By now, almost every business around has figured out that data and analytics represent a big opportunity to generate compelling insights into the company, and thereby improve outcomes. However, some businesses put themselves at risk when they fail to ask where that data should come from.
Companies are probably aware of the value of foraging through their company to identify any data they can find that might be of interest, maybe even in the process uncovering that lost database on a floppy disk that fell down the back of the sofa in 1997. However, it’s easy to forget that you’re not limited by what data can be found within the four walls of your company. Many external organisations, especially governments and public bodies, make their vast quantities of data available for anyone to download and use. If your business isn’t taking advantage of this, then you’re probably not maximizing your analytics capabilities.
Public Data and its Value
So where do you get public data and why is it so valuable to businesses? Well, we have a post here that talks about public data, and in particular census data as a source of insights for your business. Here, let’s consider an example.

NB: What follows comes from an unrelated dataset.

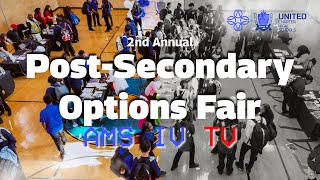 PostSecondary Options Fair  AMS IV TV  SY2425 [upl. by Colyer95]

Let’s say your business sells its products nationally or internationally to individual consumers. You may collect some amount of data on your customers as part of the sales process, especially if your product is sold online. However you almost certainly don’t know everything about them.
For example, you might like to know what the income of your customers is. This would be useful to know what segments of the market your product is most popular with. The problem is that the number of products where it’s legitimate to ask customers for their income is minuscule.

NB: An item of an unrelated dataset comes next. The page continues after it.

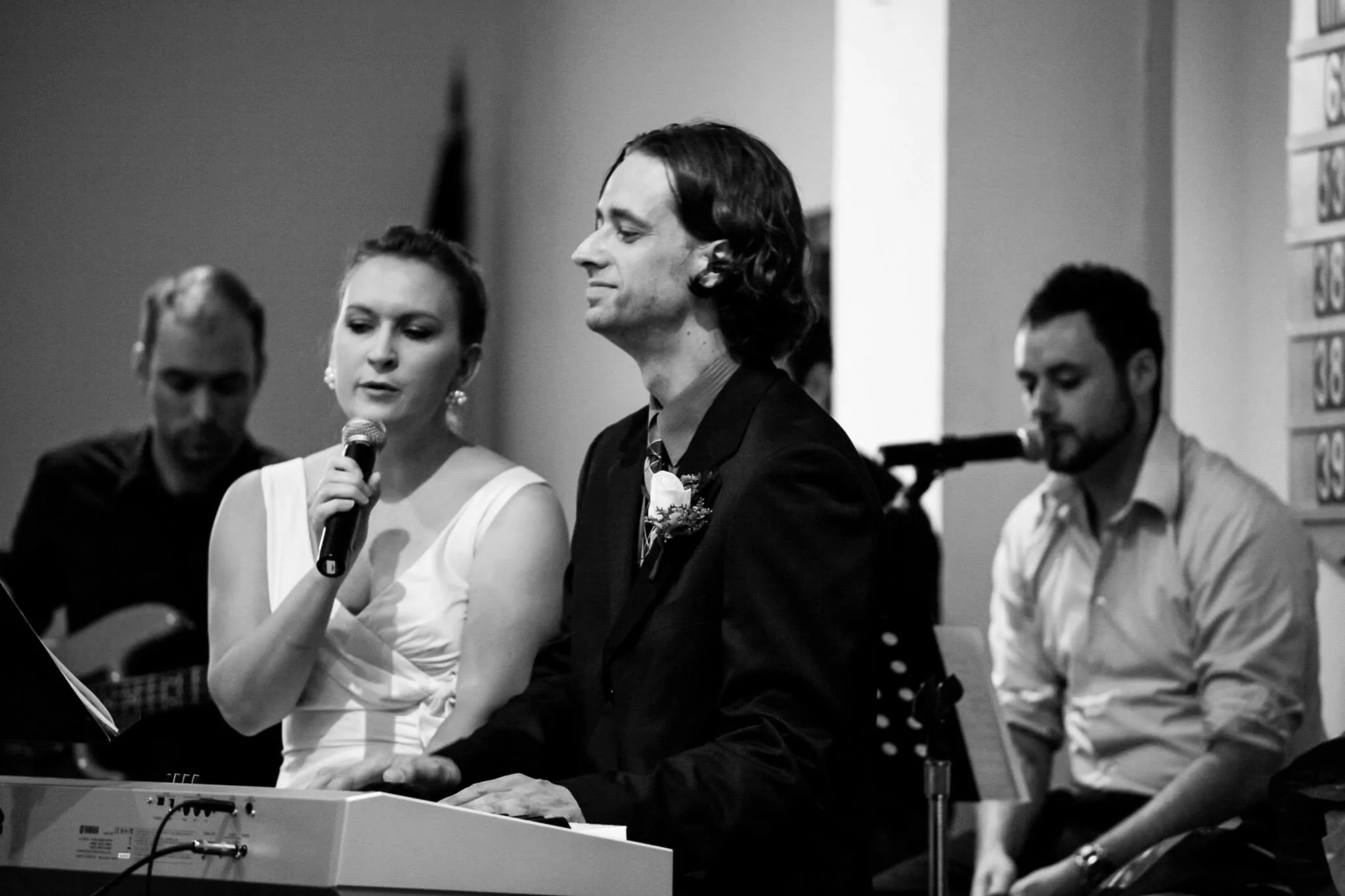 Taken with a great camera, the same one many wedding professionals use, but still dark and grainy.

Even if you don’t know your customers income, someone else who makes data available publicly probably does. The most likely example here would be a census organisation or a government statistics body. By integrating their data with yours, you can uncover insights into your customer’s income. To be clear, you won’t be able to identify the income of individual customers this way, but you can still derive insights indirectly. For example, you probably know your customers’ addresses. If a lot of your customers live in areas that the census tells you tend to have large incomes, then you may be able to assume that your customers have a similar profile. Obviously, there’s a little bit more to it than that, but you can see the principle that applies.
Let’s consider another example. Unless you’re Facebook or someone similar, the chances are you only collect information on people who actually are your customers. If someone doesn’t buy your product, you may know they exist, but you don’t really know who they are, or what characteristics they have that set them apart from the people who are your customers.

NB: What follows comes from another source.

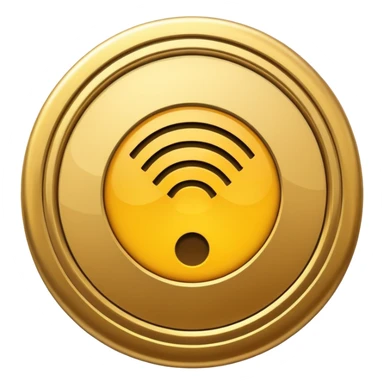 wifi money coin sticker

Without wanting to get into a statistics lesson, what you have is a data on a sample of people. The chances are this sample is not representative of the overall population of people who could be your customers. Public data like a census does contain information on everyone, so incorporating it into your analysis lets you compare characteristics of people who do or don’t buy your product. This makes it much easier to know what characteristics make people buy your product than it would be if you were only using you own data.
Where to get public data from
There are numerous sources of public data available. Most of the organisations who make their data available are governments or government bodies or agencies, however there are also a number of private companies who make their data available as well, especially in the technology sector. We’ve compiled a long list of organisations that make their data available here.
Getting public data
Once you’ve identified what data you want to obtain, and where you can get it from, your next step is to get the data, and probably after that to transform it into a usable format.
This can often be the most frustrating part of the process. You may know of the idea that a data analyst spends most of their time transforming data into the right format, and much less time actually analysing the data. This is the stage of the process where that idea gets put to the test, as you’ll often find files that are badly formatted, contain information you don’t need, or are just saved in outdated file formats.
One example I found interesting is within the files produced by the US census bureau. Most of their files are designed to be opened in Microsoft Excel, but some of them use the old xls file format, which was replaced as the Excel standard in 2007, and consequently causes problems for some applications that are newer than that. In this case the data was from this decade, it wasn’t an old dataset being saved in an old format.
The chances are that you’ll encounter similar frustrations as you go along. It’s frustrating but it’s all part of the job. All that said, it’s easier than ever these days to clean up strange datasets using tools like the Query Editor in Power BI.
Using public data with your company’s data
After you’ve successfully got the external data into your software of choice and into the format you want it, it’s simply a matter of analyzing the two datasets together.
We have a company that sells its product across the USA and studies the distribution of sales by state. However, they want to know whether the states where they have the most sales are states where the product is actually popular, or are they states that just have a large population.
In the post, we add population data from the US Census Bureau to the company’s sales data to find out which states are performing best for the company after population is taken into account. As we find out, many of the states that have the most sales are actually not the most popular when we allow for populations. Analysing data from multiple sources lets us identify insights that we could not have obtained looking at the company’s data alone.
Open data is a growing trend in data analytics. While you might be tempted to think that it doesn’t fit in with the corporate world, that’s not the case at all. While it can take a bit of effort to find the data you need, and to get it into a suitable format foe analysis, the effort allows you to obtain greater insights into your company than you could do using only your own data. For that reason, open data should be an area you pay attention to now and in the future.